▶ _Exercise_
Give back the lines below exactly, but do not include any pictures.

▶ _Dataset content_
:::::

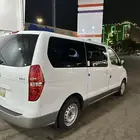 هواندي اتش ون موديل 2016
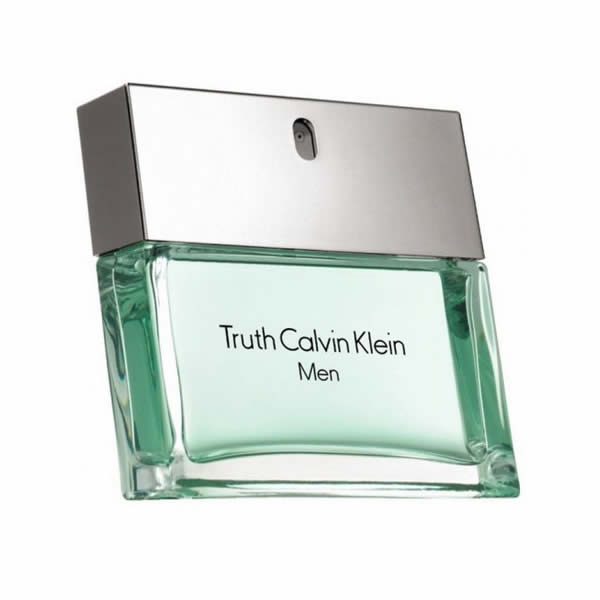 <tc>CALVIN KLEIN</tc> Truth Men Eau de Toilette Spray 100 ml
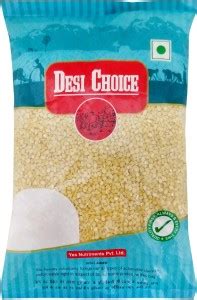 Desi Choice Yellow Moong Dal (Split) Price in India - Buy Desi Choice ...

:::::

▶ _Result below_
 هواندي اتش ون موديل 2016
 <tc>CALVIN KLEIN</tc> Truth Men Eau de Toilette Spray 100 ml
 Desi Choice Yellow Moong Dal (Split) Price in India - Buy Desi Choice ...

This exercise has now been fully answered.